The performance and financial condition of the Puerto Rico Electric Power Authority, its generation operator Genera and its transmission and distribution operator LUMA have raised concerns, by the entities themselves as well as outside observers in the past few weeks.
PREPA said it will run out of money to pay its pensioners in January though it has since revised this to March, Genera said in a quarterly filing it may not be able to continue to operate, and the chair of the Puerto Rico Energy Bureau warned LUMA it may get fined for its poor operating record.
In November, PREPA warned it would not be able to pay pensions in December if a solution wasn’t found, before revising the timing to March this week after receiving a $75 million Federal Emergency Management Agency reimbursement.

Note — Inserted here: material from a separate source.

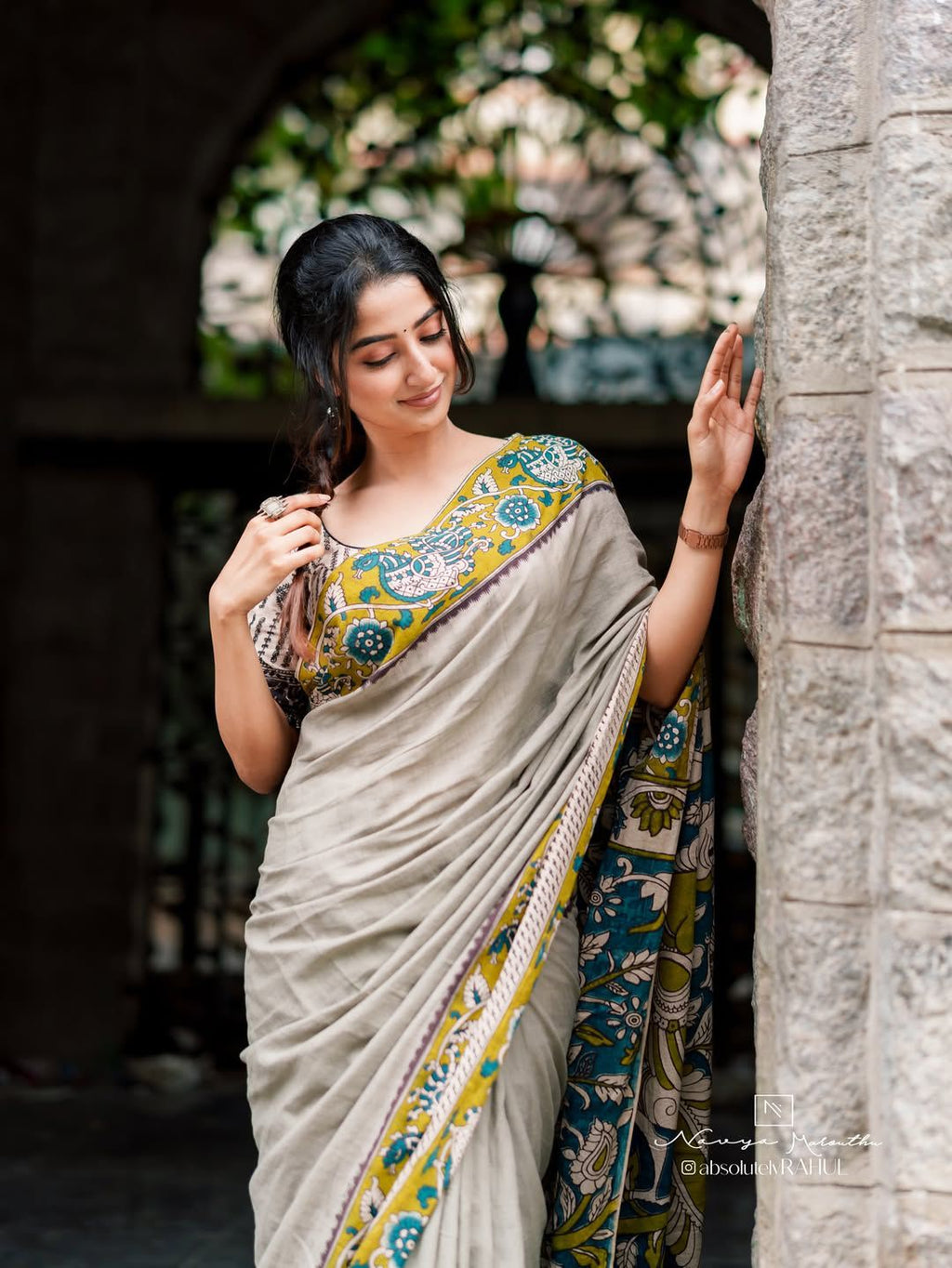 Grey linen saree with Kalamkari printed border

LUMA told the energy bureau in October that PREPA failed to fund operating accounts at two-thirds of the required amounts.
A PREPA spokesman said Wednesday the authority is looking for other measures to be able to extend payment.
“The need for reform of PREPA’s pension system is unavoidable and urgent,” a Puerto Rico Oversight Board spokesman said. He noted the board last year approved a $300 million loan for PREPA “to continue to pay pensions because PREPA was unable to provide a solution.”
The board spokesman said the board would work to assure the pensions were paid.
The group of PREPA bondholders and insurers criticized the board. “Under the board’s oversight, PREPA has been unable to improve its performance according to industry-accepted metrics, enhance its financial transparency, or — perhaps most disturbingly — meaningfully access the unprecedented $15 billion in congressional funding aimed at upgrading and hardening the power grid in Puerto Rico.”
The board has “never filed a fiscal plan that requires rates to be raised sufficiently to fund pensions or pay debt service,” said Cate Long, Puerto Rico Clearinghouse principal.
Feldesman Leifer Senior Counsel Phillip Escoriaza questioned whether PREPA was set up to fail, with operating accounts funded at unrealistic levels. Escoriaza, who owns homes in Puerto Rico, noted the lack of accountability because the board and PREPA share oversight.
PREPA is more than seven years into a
Separately,
NFE’s long-term debt has a B2 rating from Moody’s Ratings and B-plus rating from Fitch Ratings, both on review for possible downgrades.
NFE, in response to a Bond Buyer inquiry, pointed to a statement it made November 26 that it successfully completed the first step of a $2.7 billion issuance of senior secured notes due 2029. The transaction, which will be followed by a second expected to be completed this week, will refinance $2.4 billion of existing bonds, including much of the bonds maturing in next few years, extend the maturity of 90% of the company’s $1 billion revolving credit facility, and raise $325 million for liquidity.
The board said it was monitoring NFE’s financial status and would work with PREPA to avoid disruption in power service if New Fortress were to file for bankruptcy.
“Inability to remain a going concern is a serious matter and would signal fundamental flaws in the private outsourcing pathway undertaken here, bifurcating transmission and generation, and calling into question estimates/projections/contingencies relied on in structuring these complex operations and reflecting perhaps unrealistic reliance on squeezing consumers,” Escoriaza said,
U.S. District Court “Judge [Laura Taylor] Swain denied hearing an adversary case about the conflict of interest of Oversight Board’s local attorney O’Neill & Borges also representing New Fortress,” Long said. “This was a missed opportunity to untangle the conflicts that likely exist in the choice of New Fortress to run the generation assets (while also supplying fuel).”
Finally, the chairman of the Puerto Rico Energy Bureau Edison Avilés Deliz told representatives of LUMA in late November he was considering fining LUMA for poor operating performance.
Since LUMA gained responsibility for PREPA’s transmission and distribution system in June 2021, complaints continued about
“Any evaluation of metrics must be based on realistic, fair, and transparent targets that account for the challenges LUMA inherited, the available resources to improve service to customers, and the real progress we’ve achieved,” LUMA told The Bond Buyer. “LUMA inherited a highly politicized electrical system, with decades of neglect impacting its performance. … In the last quarter ending in September, we reduced the duration of outages experienced by customers by nearly 6% and reduced the frequency of outages by 17% compared to the same quarter a year earlier. There is much more work to do.”
LUMA said earlier this week it wouldn’t connect a major solar field to the electric system until 2026, even though the owner of the field has committed to providing the electricity to the system next year, according to the El Nuevo Día news site.
Escoriaza said whether the bureau should fine LUMA depends on the original contract. Suits in federal or state court against LUMA would be other possible approaches.
The board said the issue of fining LUMA was one for the bureau to decide upon.
The bureau did not respond to requests for comment.